▸ WHAT IS REQUIRED
Quote the lines below from the one containing "种葡萄使用哪些肥料,春季萌芽前追施速效氮肥" to the final line, both ends included; exclude the pictures.

▸ DATA SEGMENT

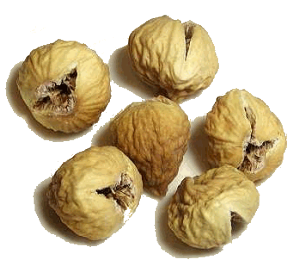 @V@u͂Ȃ܂̂߂v 55g@hCt[c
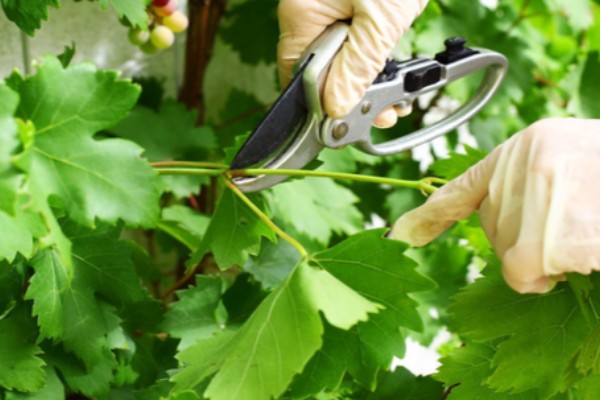 种葡萄使用哪些肥料,春季萌芽前追施速效氮肥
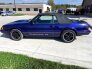 1986 Ford Mustang for sale 101629269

▸ EXERCISE SOLUTION
 种葡萄使用哪些肥料,春季萌芽前追施速效氮肥
 1986 Ford Mustang for sale 101629269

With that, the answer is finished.